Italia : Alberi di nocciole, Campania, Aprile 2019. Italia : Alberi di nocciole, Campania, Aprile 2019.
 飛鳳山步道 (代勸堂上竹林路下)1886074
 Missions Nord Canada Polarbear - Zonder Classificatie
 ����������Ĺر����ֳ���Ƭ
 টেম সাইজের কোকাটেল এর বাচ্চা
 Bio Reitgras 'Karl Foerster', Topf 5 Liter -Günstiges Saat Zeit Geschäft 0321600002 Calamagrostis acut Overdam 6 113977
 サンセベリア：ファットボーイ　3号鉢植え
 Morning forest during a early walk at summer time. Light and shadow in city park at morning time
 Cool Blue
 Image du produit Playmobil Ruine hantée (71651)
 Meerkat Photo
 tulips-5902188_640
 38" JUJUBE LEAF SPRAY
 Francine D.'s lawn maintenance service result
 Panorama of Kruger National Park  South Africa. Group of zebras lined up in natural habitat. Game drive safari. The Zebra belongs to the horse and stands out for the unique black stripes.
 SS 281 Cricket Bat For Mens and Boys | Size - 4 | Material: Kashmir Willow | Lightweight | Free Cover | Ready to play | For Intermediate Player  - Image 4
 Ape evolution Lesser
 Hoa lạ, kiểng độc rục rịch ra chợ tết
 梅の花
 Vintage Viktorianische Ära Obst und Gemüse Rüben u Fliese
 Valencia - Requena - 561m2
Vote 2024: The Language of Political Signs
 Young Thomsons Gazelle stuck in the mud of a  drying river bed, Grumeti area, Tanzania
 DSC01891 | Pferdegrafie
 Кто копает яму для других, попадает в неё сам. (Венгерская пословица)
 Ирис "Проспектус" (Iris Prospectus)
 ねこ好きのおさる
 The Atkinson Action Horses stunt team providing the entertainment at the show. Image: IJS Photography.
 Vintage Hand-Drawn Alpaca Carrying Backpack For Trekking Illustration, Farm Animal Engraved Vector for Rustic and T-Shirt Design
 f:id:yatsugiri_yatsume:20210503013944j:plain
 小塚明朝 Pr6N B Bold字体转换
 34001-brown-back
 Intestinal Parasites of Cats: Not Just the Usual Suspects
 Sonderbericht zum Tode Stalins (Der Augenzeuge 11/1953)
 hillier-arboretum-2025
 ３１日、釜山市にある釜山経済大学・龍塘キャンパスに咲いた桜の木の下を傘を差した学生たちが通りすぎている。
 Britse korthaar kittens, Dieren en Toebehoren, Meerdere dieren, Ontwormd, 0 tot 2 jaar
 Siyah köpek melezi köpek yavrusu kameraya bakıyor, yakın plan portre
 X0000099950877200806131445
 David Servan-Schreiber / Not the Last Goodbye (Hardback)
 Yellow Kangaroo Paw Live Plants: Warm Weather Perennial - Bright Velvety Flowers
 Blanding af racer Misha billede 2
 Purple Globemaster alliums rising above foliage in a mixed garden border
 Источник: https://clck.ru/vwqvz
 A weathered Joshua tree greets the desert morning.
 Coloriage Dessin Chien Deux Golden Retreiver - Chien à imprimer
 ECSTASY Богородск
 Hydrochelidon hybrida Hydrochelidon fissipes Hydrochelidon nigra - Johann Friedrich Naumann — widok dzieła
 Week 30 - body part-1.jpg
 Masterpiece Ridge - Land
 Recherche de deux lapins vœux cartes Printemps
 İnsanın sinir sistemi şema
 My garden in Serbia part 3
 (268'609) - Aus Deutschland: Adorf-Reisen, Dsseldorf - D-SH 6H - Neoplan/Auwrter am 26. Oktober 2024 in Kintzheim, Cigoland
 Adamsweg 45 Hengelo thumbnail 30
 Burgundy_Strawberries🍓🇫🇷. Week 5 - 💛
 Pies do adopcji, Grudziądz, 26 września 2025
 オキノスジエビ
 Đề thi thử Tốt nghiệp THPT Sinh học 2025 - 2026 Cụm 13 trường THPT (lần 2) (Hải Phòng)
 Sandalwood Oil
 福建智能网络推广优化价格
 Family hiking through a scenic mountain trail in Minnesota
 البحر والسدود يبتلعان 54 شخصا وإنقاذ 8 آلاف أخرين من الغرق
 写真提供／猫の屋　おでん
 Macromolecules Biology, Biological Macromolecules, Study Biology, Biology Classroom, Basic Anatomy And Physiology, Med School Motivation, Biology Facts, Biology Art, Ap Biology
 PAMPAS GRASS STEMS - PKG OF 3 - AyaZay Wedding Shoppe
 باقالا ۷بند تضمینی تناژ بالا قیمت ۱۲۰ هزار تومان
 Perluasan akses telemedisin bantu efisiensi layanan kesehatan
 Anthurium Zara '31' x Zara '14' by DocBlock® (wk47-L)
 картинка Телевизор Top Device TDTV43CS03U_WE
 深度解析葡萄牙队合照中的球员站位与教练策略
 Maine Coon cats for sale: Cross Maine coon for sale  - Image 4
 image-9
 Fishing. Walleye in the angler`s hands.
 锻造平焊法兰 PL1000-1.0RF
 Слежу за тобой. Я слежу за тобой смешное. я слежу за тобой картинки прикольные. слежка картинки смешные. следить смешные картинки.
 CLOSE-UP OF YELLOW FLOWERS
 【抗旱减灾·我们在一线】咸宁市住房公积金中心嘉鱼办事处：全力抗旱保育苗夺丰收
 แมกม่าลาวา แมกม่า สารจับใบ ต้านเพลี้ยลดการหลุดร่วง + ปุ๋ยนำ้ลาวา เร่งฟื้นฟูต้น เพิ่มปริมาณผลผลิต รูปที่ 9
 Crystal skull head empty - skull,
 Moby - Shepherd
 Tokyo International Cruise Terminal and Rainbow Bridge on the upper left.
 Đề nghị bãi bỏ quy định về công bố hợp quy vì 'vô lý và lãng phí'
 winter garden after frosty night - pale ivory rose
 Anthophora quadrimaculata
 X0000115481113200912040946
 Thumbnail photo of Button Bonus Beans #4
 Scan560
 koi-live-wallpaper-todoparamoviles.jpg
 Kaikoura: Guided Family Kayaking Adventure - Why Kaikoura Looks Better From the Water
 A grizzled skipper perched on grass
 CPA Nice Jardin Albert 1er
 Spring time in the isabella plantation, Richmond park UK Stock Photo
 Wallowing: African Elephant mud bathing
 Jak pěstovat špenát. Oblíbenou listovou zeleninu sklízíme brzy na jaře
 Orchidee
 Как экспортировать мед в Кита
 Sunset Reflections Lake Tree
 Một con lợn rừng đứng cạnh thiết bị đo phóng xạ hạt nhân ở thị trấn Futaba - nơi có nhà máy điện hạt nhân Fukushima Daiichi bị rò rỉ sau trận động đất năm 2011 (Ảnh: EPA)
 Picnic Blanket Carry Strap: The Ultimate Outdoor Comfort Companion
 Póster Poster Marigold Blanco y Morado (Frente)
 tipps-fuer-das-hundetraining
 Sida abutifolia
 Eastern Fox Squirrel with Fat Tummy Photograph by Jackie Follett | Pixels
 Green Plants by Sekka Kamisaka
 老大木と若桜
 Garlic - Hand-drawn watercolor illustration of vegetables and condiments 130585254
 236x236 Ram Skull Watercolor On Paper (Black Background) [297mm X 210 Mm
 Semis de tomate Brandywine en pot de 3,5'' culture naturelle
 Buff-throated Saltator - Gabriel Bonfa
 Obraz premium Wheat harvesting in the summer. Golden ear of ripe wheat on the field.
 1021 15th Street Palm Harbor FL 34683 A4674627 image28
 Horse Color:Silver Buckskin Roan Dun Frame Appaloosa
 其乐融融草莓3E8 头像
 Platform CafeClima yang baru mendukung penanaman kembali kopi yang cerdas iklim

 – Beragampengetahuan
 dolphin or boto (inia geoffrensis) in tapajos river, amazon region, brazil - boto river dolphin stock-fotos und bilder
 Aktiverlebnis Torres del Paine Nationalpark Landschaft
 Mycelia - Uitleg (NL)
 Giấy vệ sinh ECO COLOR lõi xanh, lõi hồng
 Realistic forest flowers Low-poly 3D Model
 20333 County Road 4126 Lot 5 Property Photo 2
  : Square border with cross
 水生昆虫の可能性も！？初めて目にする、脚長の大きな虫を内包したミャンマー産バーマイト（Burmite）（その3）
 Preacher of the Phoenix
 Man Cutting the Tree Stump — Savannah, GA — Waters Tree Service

WHAT YOU SHOULD DO: Copy only the entries from the first line to the line with "Francine D.'s lawn", each exactly as it appears.

RESPONSE TO THIS EXERCISE:
Italia : Alberi di nocciole, Campania, Aprile 2019. Italia : Alberi di nocciole, Campania, Aprile 2019.
 飛鳳山步道 (代勸堂上竹林路下)1886074
 Missions Nord Canada Polarbear - Zonder Classificatie
 ����������Ĺر����ֳ���Ƭ
 টেম সাইজের কোকাটেল এর বাচ্চা
 Bio Reitgras 'Karl Foerster', Topf 5 Liter -Günstiges Saat Zeit Geschäft 0321600002 Calamagrostis acut Overdam 6 113977
 サンセベリア：ファットボーイ　3号鉢植え
 Morning forest during a early walk at summer time. Light and shadow in city park at morning time
 Cool Blue
 Image du produit Playmobil Ruine hantée (71651)
 Meerkat Photo
 tulips-5902188_640
 38" JUJUBE LEAF SPRAY
 Francine D.'s lawn maintenance service result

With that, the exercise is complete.